The Fifteen Percent Pledge, a nonprofit born of a viral 2020 Instagram post by Brother Vellies creative director Aurora James, has become an upbeat agent of change. Her original proposition—that retailers should stock Black-owned brands in proportion to population data—corralled a high-profile group of early cosigners, including Sephora, Nordstrom, Moda Operandi, and West Elm. Last fall, the Pledge made its own retail debut, by way of a holiday pop-up in SoHo with an all-Black edit. (The web store continues through March.) But this weekend’s second annual gala marked a new evolution, centered around an inaugural round of grants—totaling nearly $300,000—presented by Shop with Google. “We’ve put over 600 Black-owned businesses onto the shelves of our Pledge takers, but it takes more than access,” James said earlier that afternoon, shortly before slipping into a metallic floral dress by her friend Christopher John Rogers. “It also takes capital. It also takes resources. It also takes having someone to call that can help guide you through some of the things that you don’t know.”
The event highlighted another means of visible support, with its reprised “black tie, Black designer” dress code. An expectant Hannah Bronfman turned up in a sequined two-piece by Harbison Studio. “I styled this not with the bump out, and Aurora was like, ‘No, we need more skin,’” she said with a cherry-red smile. “So here we are!” Sergio Hudson, whose label won the night’s second-prize $35,000 grant, wore a custom black-and-white striped jacket—his team’s first foray into menswear, using leftover fabric from his current collection—alongside a Schiaparelli brooch and earring. “Elsa Schiaparelli is my greatest design inspiration, so when they started releasing the jewelry, I slowly started collecting it,” Hudson said. No loaners here: “Of course I don’t borrow! I mean, I get enough people borrowing from me.” Brandon Blackwood, like so many attendees, had one of his bags in hand (“I love seeing them in the wild!”), topped off with a Yankees hat. And for Vogue global contributing fashion editor-at-large Gabriella Karefa-Johnson, dressed in a puff-sleeved look from her new Target capsule, it was a full-circle moment. “I wore Target x Peter Pilotto to my first interview with Anna Wintour because it was fashion that I could access,” she said. “The idea that, now, their collaborations are made with people like me, it feels like an actual commitment to building a more equitable industry.” She gestured toward her feather-bedecked shoes and bag, both by Brother Vellies. “Ms. James, she really does it up. You know, I love a little bit of gla-mour,” she added, leaning into the word as André Leon-Talley might have.

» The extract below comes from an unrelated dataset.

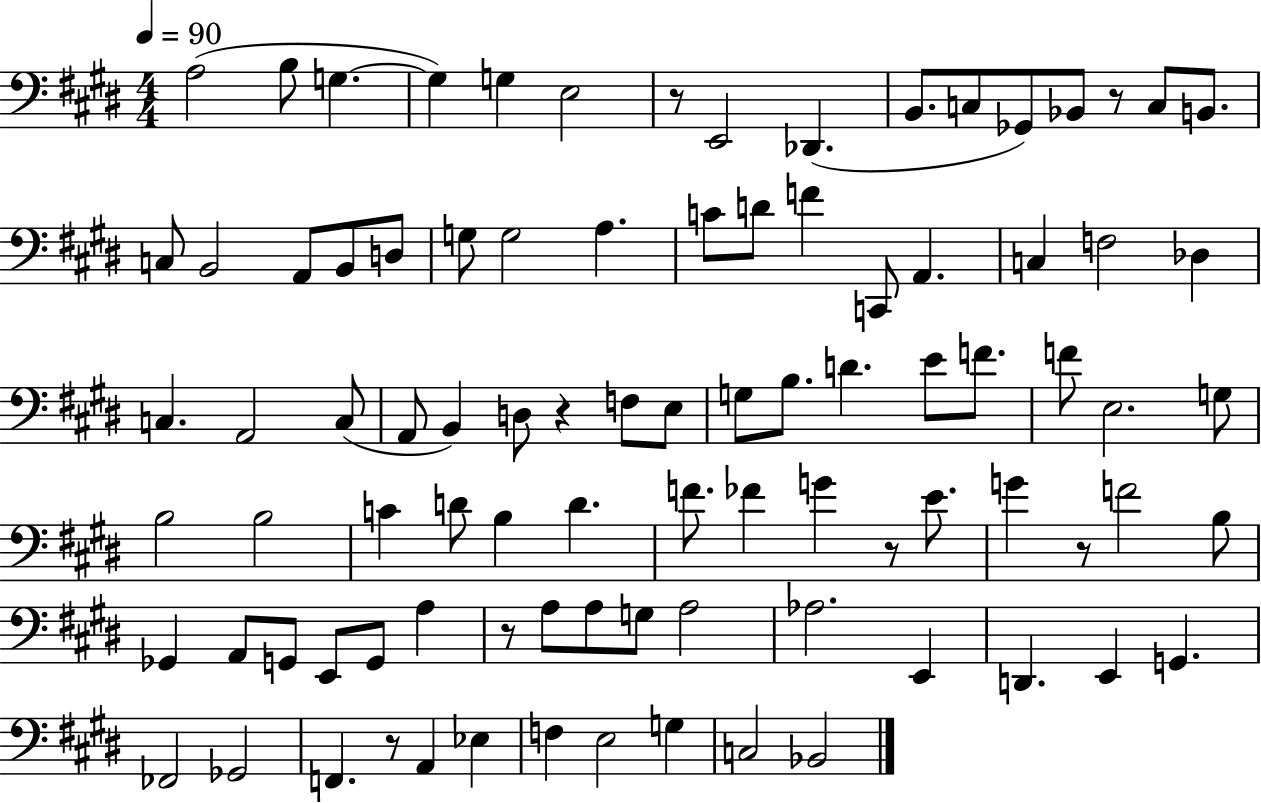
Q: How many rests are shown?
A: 7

The prevailing mood was forward-looking: When James spoke of an economic future “with a smaller, and one day nonexistent, racial wealth gap,” the room broke out in applause. (The crab cake with fried green tomato—part of Sophia Roe’s menu curation—elicited the same reaction from nearby attendees.) But there was also a deep sense of gratitude for forebears. A statuesque Veronica Webb, who presented the Pioneer Award in Sergio Hudson, recalled being signed to Hardison’s agency at 19. “Bethann and I go back like parchment, like camel humps,” she said, describing her mentor as someone who “blazed a trail when it was dark—there was no path, there was nobody ahead of her.” Danessa Myricks, behind the industry-favorite makeup line, lifted up “all of my ancestors,” she said. “I’m giving credit to my parents, who didn’t have opportunities like this, who were cleaning floors, cleaning houses, working 24 hours a day so that I can be here.” Black Boy Knits creative director Jacques Agbobly cited their mother as an ongoing source of inspiration. After immigrating from Togo, she would go door to door to different hair shops as a braider, sometimes sleeping on-site to save money in order to bring her children to America. “Then, when we got here, I spent a lot of time with her in the hair shops. Those were very intimate and bonding moments for me and my family,” Agbobly said, drawing a connection between the evening’s green cable-knit sweater and the particularly intricate handwork by Slayed in Braids’ Helena Koudou.